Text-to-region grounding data
● ● ● ● ● ● ●
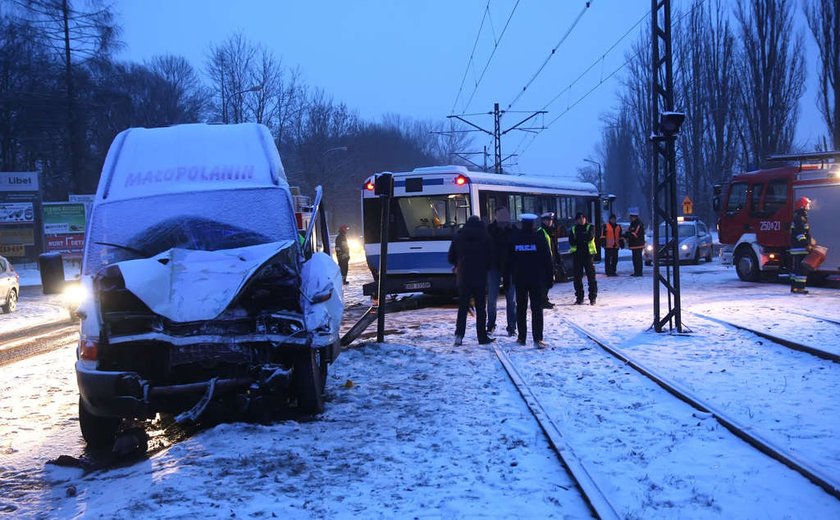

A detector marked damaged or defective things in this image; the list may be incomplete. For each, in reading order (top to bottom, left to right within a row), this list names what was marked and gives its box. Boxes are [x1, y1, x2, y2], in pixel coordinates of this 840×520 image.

damaged white van [75, 123, 342, 446]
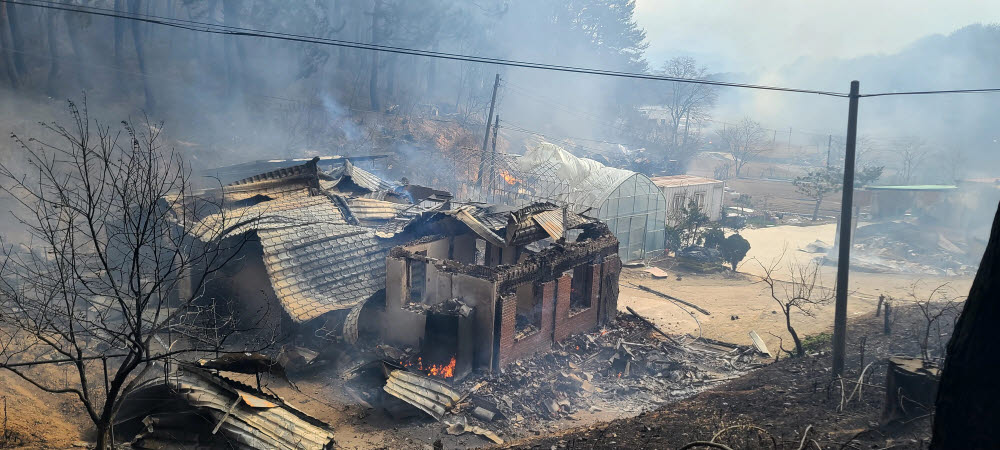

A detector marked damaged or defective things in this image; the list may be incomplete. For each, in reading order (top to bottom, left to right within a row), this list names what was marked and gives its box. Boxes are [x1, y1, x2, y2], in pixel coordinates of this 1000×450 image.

damaged structure [176, 156, 620, 380]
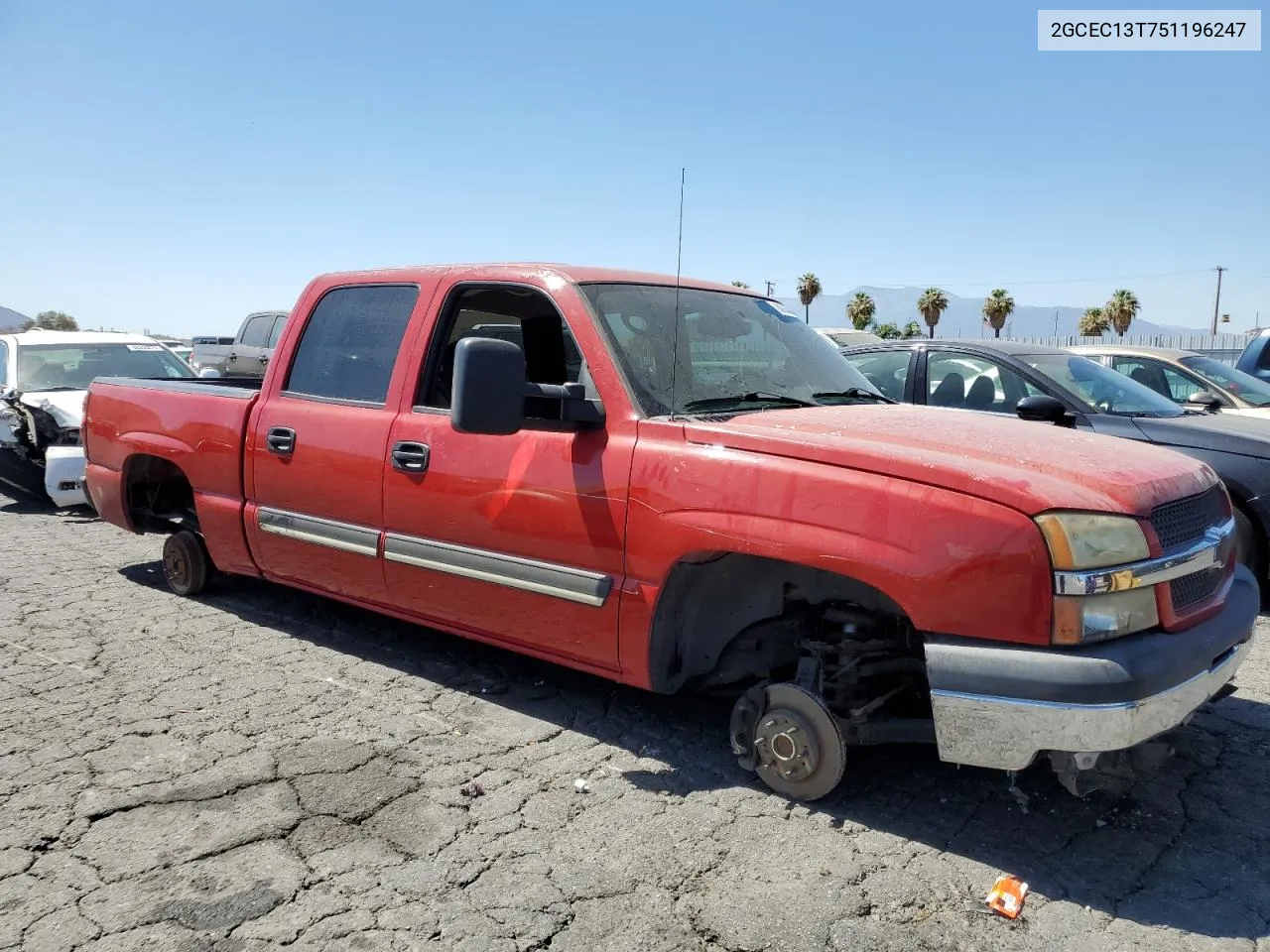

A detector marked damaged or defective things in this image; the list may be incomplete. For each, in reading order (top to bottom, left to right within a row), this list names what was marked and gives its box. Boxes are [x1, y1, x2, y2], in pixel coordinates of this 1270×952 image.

white damaged car [0, 327, 195, 508]
cracked asphalt pavement [2, 495, 1270, 949]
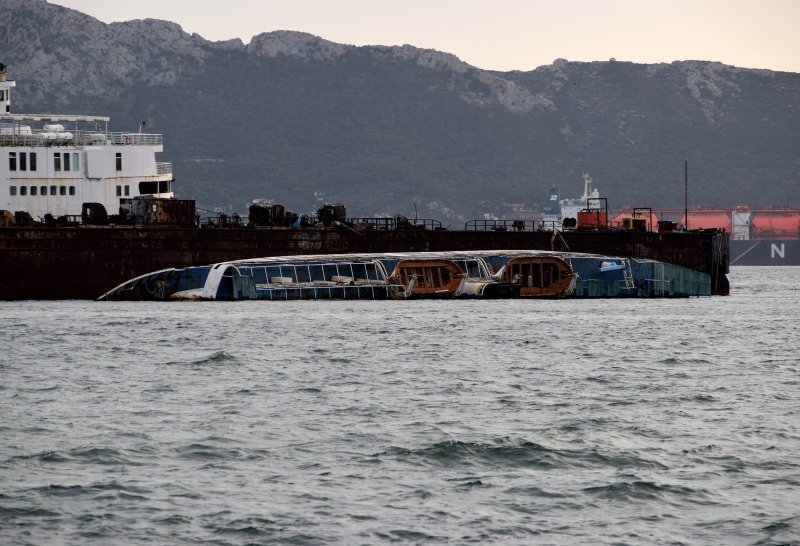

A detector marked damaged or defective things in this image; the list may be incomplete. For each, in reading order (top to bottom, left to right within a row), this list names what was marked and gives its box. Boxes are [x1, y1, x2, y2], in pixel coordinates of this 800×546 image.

rusty hull [0, 224, 728, 298]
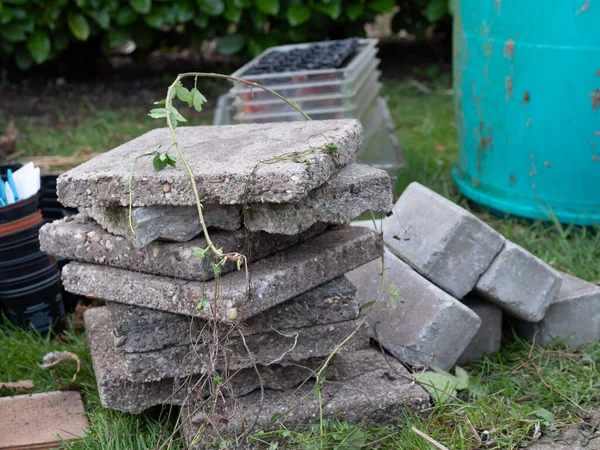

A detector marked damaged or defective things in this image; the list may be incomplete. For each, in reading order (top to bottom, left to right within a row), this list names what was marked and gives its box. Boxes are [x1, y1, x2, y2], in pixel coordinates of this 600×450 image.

rusty metal container [452, 0, 600, 225]
broken concrete piece [0, 390, 88, 450]
broken concrete piece [81, 203, 241, 248]
broken concrete piece [39, 214, 326, 282]
broken concrete piece [84, 306, 324, 414]
broken concrete piece [58, 119, 364, 207]
broken concrete piece [59, 227, 380, 322]
broken concrete piece [107, 276, 358, 354]
broken concrete piece [113, 314, 368, 382]
broken concrete piece [180, 348, 428, 446]
broken concrete piece [245, 164, 394, 236]
broken concrete piece [344, 248, 480, 370]
broken concrete piece [382, 183, 504, 298]
broken concrete piece [460, 298, 502, 364]
broken concrete piece [474, 241, 564, 322]
broken concrete piece [510, 270, 600, 348]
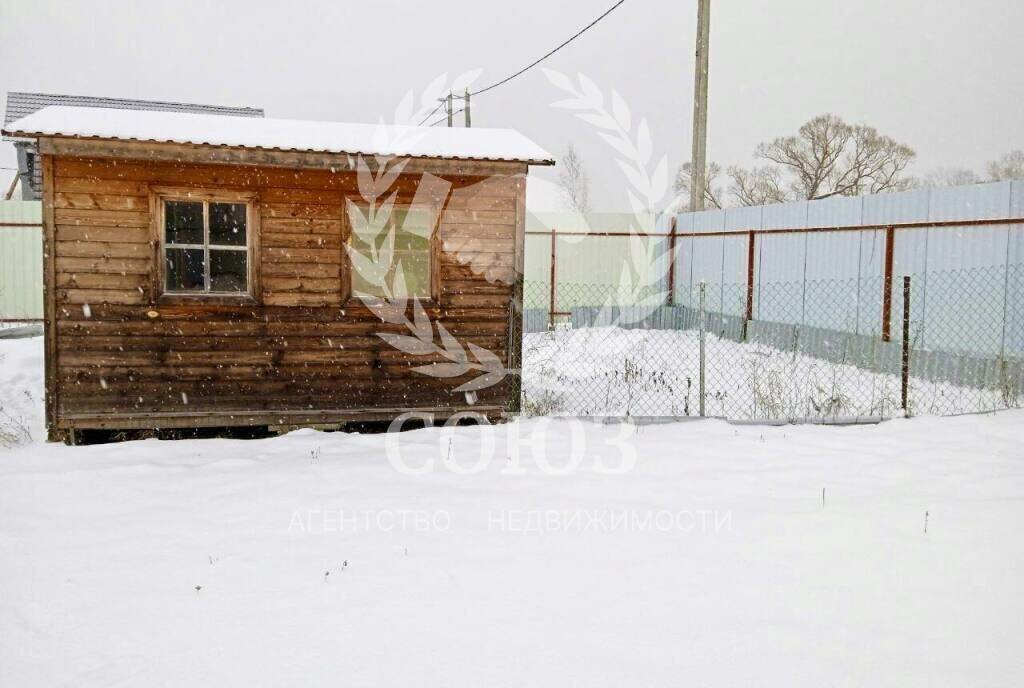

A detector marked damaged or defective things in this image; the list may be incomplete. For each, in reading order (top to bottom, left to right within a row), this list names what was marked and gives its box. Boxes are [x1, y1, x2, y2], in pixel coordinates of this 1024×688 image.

rusty fence frame [528, 215, 1024, 333]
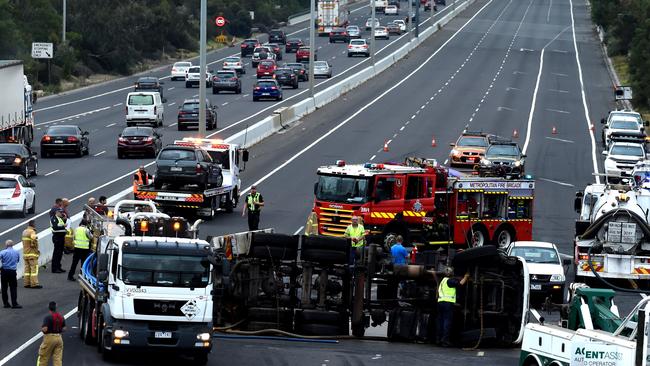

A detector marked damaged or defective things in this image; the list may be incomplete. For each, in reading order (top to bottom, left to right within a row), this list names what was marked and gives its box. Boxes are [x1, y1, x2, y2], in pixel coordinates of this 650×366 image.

overturned truck [208, 230, 528, 348]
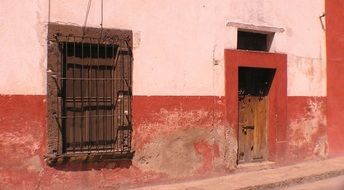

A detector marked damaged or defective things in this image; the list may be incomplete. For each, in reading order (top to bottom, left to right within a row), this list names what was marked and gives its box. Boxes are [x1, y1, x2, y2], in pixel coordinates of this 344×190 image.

rusty iron window bar [48, 32, 133, 159]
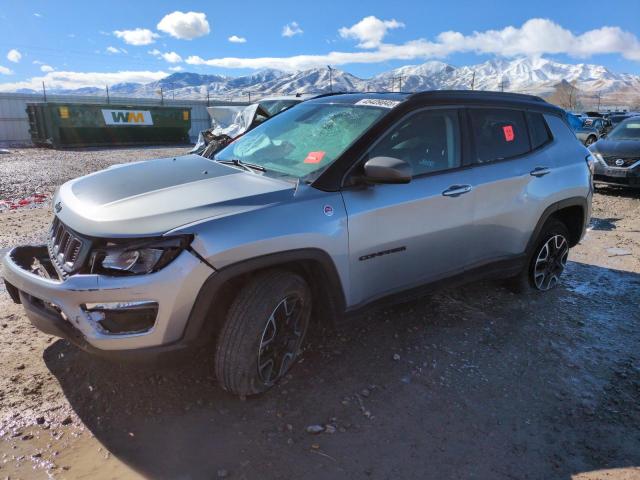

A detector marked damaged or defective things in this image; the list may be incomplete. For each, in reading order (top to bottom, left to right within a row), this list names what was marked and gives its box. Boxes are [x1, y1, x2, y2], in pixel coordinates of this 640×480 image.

damaged front bumper [1, 246, 214, 358]
wrecked nissan [0, 92, 592, 396]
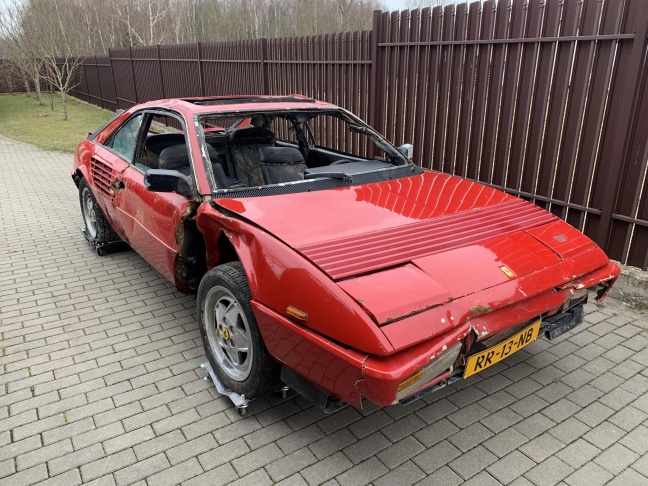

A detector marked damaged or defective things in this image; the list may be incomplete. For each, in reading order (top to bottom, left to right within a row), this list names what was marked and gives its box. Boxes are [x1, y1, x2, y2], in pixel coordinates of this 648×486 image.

damaged red ferrari [73, 96, 620, 414]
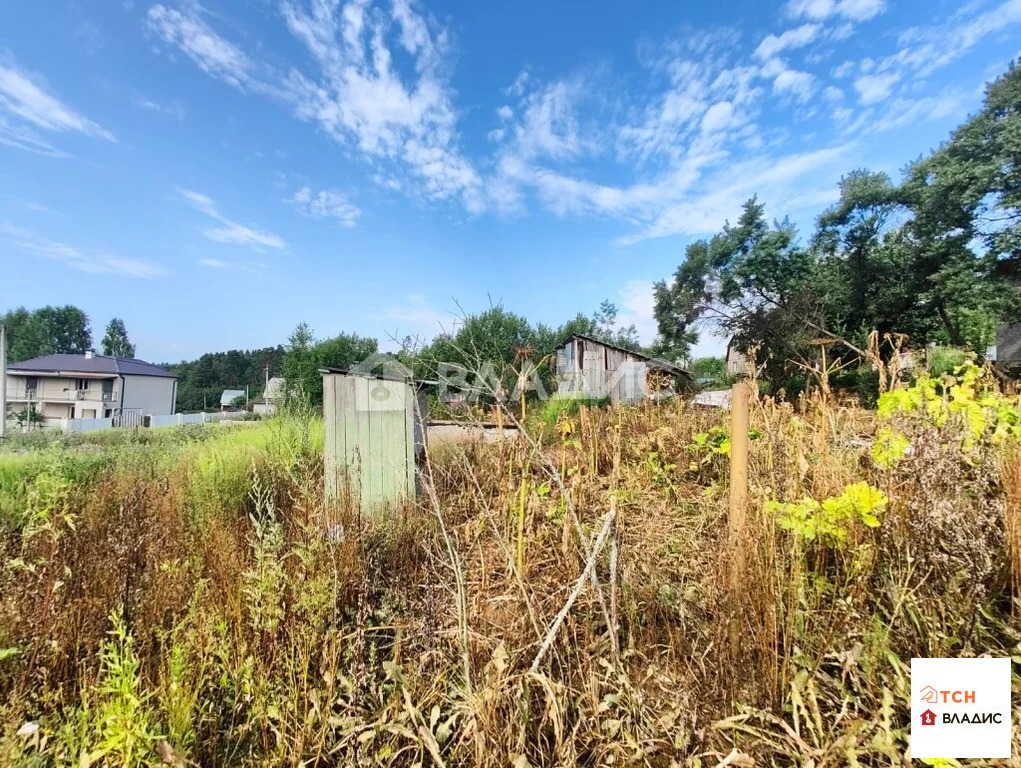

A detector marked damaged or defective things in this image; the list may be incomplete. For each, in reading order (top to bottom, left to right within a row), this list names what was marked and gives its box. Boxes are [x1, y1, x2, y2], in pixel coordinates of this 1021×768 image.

rusty metal post [726, 381, 751, 657]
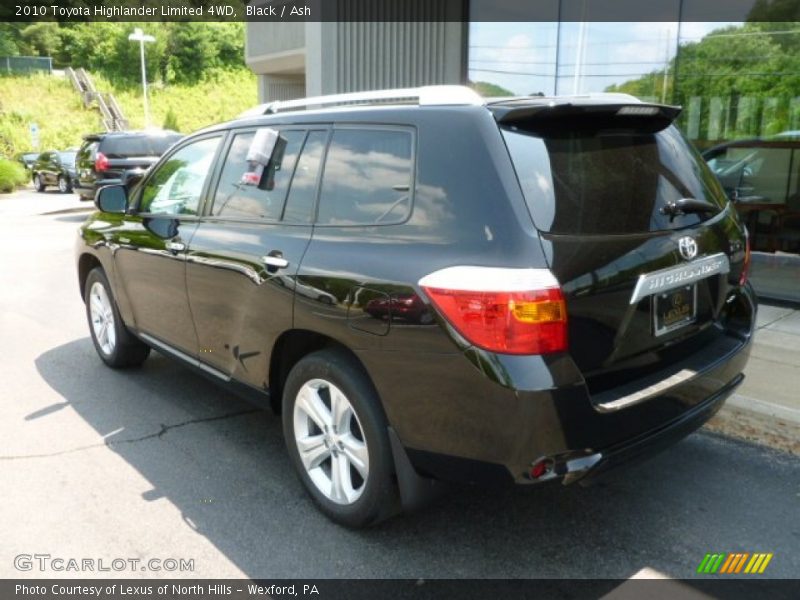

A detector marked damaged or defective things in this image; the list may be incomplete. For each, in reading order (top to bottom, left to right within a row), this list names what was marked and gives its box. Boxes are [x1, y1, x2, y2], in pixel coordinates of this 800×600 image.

crack in asphalt [0, 410, 260, 462]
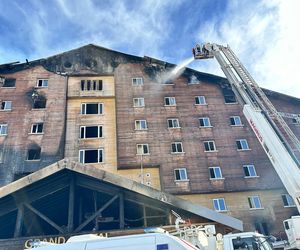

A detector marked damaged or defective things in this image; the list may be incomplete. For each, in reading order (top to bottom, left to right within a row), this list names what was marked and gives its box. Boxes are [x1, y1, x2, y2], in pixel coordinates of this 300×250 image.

broken window [79, 148, 103, 164]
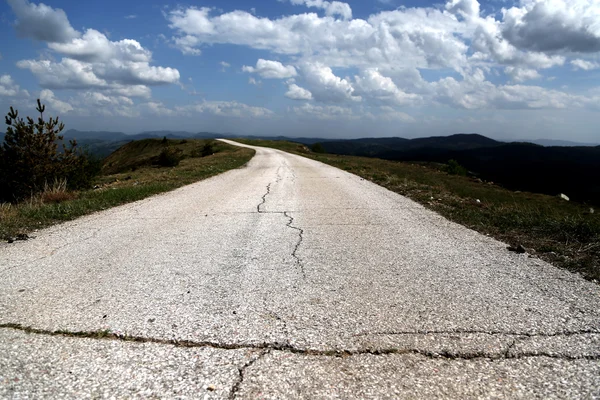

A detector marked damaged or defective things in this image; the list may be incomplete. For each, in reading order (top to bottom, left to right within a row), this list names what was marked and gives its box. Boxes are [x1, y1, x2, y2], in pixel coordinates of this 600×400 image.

crack in road [284, 211, 308, 280]
crack in road [2, 324, 596, 362]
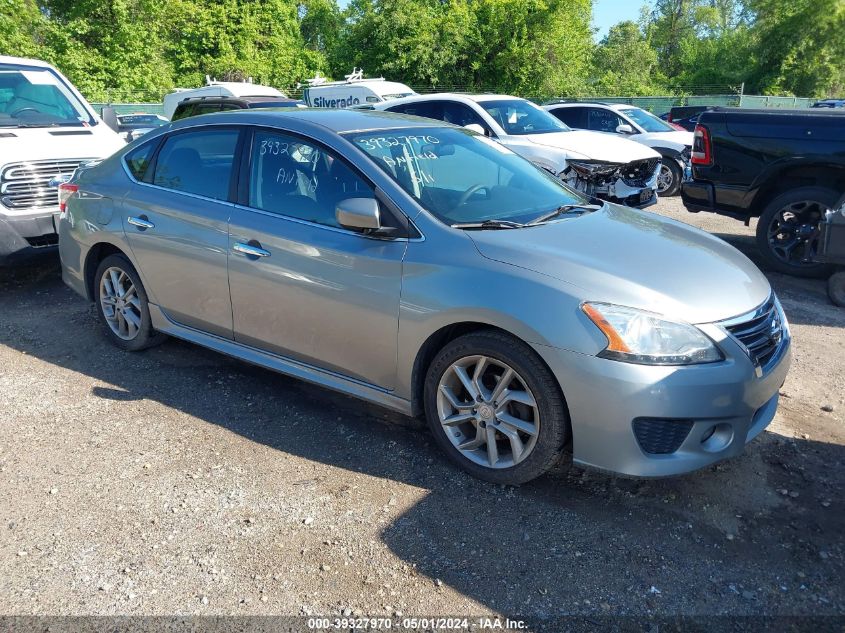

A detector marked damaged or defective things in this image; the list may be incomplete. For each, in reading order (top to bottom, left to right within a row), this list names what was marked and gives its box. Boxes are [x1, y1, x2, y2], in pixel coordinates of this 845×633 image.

damaged white car [374, 94, 660, 207]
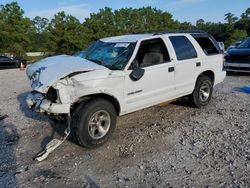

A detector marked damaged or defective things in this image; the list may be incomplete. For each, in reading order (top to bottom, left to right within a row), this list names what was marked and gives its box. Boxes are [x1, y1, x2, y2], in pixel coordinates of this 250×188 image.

crumpled hood [26, 54, 105, 93]
damaged white chevrolet blazer [25, 32, 227, 148]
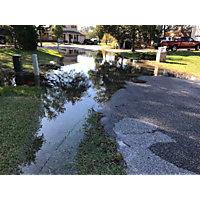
● ● ● ● ● ● ●
● **Exercise goal**
Leave the pictures out and copy the rest of the data exactly.

● **Response to this exercise**
A detector marked damaged or defective things in this image; the list may be incomplete. For each, in reading order (top to bottom, left to right within a row), this list names what was marked and gives its box. Boxes are [x1, y1, x2, y2], in pixel coordinates of this 840×520 image.

damaged white van [75, 123, 342, 446]

A detector marked damaged or defective things in this image; the list may be incomplete. For each, in reading order (top to bottom, left to right within a row), this list names what was marked and gives its box. Boxes are [x1, y1, x2, y2], in pixel coordinates of this 1000×450 image.

damaged structure [176, 156, 620, 380]

A detector marked damaged or defective things in this image; the list may be incomplete. For each, in reading order (top to bottom, left to right within a row), this list names what was marked and gives its box. Boxes are [x1, y1, x2, y2], in pixel coordinates of this 1270×952 image.

white damaged car [0, 327, 195, 508]
cracked asphalt pavement [2, 495, 1270, 949]

A detector marked damaged or defective things in this image; the list may be incomplete. For each, in reading order (top to bottom, left to right within a row), this list names what was marked and gives its box. Boxes are [x1, y1, x2, y2], in pixel coordinates of this 800×546 image.

rusty hull [0, 224, 728, 298]

A detector marked damaged or defective things in this image; the list may be incomplete. For each, in reading order (top to bottom, left to right within a row), this list names what was marked and gives its box. Boxes are [x1, y1, x2, y2], in pixel coordinates of this 600×450 image.

rusty metal container [452, 0, 600, 225]
broken concrete piece [0, 390, 88, 450]
broken concrete piece [81, 203, 241, 248]
broken concrete piece [39, 214, 326, 282]
broken concrete piece [84, 306, 324, 414]
broken concrete piece [58, 119, 364, 207]
broken concrete piece [59, 227, 380, 322]
broken concrete piece [107, 276, 358, 354]
broken concrete piece [113, 314, 368, 382]
broken concrete piece [180, 348, 428, 446]
broken concrete piece [245, 164, 394, 236]
broken concrete piece [344, 248, 480, 370]
broken concrete piece [382, 183, 504, 298]
broken concrete piece [460, 298, 502, 364]
broken concrete piece [474, 241, 564, 322]
broken concrete piece [510, 270, 600, 348]

A detector marked damaged or defective things in this image; the list may be incomplete. For each, in reading order (top to bottom, left to right within a row), this list names what was marked and gives its box. Boxes are [x1, y1, x2, y2], in pixel coordinates of this 1024×688 image.

rusty fence frame [528, 215, 1024, 333]

A detector marked damaged or defective things in this image; the list may be incomplete. For each, in reading order (top to bottom, left to right within a row), this list names what was marked and gives its box. Boxes are [x1, y1, x2, y2], in pixel coordinates of this 650×366 image.

overturned truck [208, 230, 528, 348]

A detector marked damaged or defective things in this image; the list may be incomplete. For each, in reading order (top to bottom, left to right within a row), this list names what was marked and gives its box. Boxes are [x1, y1, x2, y2], in pixel coordinates of this 344×190 image.

rusty iron window bar [48, 32, 133, 159]

A detector marked damaged or defective things in this image; the list may be incomplete. For each, in reading order (top to bottom, left to right within a row), this list names what was marked and gives its box. Boxes are [x1, y1, x2, y2], in pixel coordinates of this 640×480 image.

damaged front bumper [1, 246, 214, 358]
wrecked nissan [0, 92, 592, 396]

A detector marked damaged or defective things in this image; the list may be incomplete. For each, in reading order (top to bottom, left to right within a row), this list names what was marked and gives its box. Boxes are [x1, y1, x2, y2], in pixel coordinates of this 648×486 image.

damaged red ferrari [73, 96, 620, 414]

A detector marked damaged or defective things in this image; the list may be incomplete. For each, in reading order (top to bottom, left to right within a row), this list names what was marked and gives its box. Boxes are [x1, y1, x2, y2], in pixel coordinates of this 1021×768 image.

rusty metal post [726, 381, 751, 657]

A detector marked damaged or defective things in this image; the list may be incomplete. For each, in reading order (top to bottom, left to right within a row), this list names what was marked and gives its box. Boxes are [x1, y1, x2, y2], in pixel coordinates of this 800×600 image.

crack in asphalt [0, 410, 260, 462]

A detector marked damaged or defective things in this image; the list may be incomplete. For each, in reading order (top to bottom, left to right within a row), this list names what was marked and gives its box. Boxes are [x1, y1, x2, y2], in pixel coordinates of this 300×250 image.

broken window [79, 148, 103, 164]

A detector marked damaged or defective things in this image; the list may be incomplete. For each, in reading order (top to bottom, left to right within a row), this list names what was marked and gives its box. Boxes are [x1, y1, x2, y2], in pixel coordinates of this 600×400 image.

crack in road [284, 211, 308, 280]
crack in road [2, 324, 596, 362]

A detector marked damaged or defective things in this image; the list may be incomplete. For each, in reading order (top to bottom, left to right within a row), this list names what was marked and gives its box. Boxes are [x1, y1, x2, y2], in pixel coordinates of this 845×633 image.

damaged white car [374, 94, 660, 207]

A detector marked damaged or defective things in this image; the list may be incomplete. For each, in reading order (top to bottom, left to right within a row), this list names what was marked and gives its box. Boxes are [x1, y1, x2, y2], in pixel coordinates of this 250×188 image.

crumpled hood [26, 54, 105, 93]
damaged white chevrolet blazer [25, 32, 227, 148]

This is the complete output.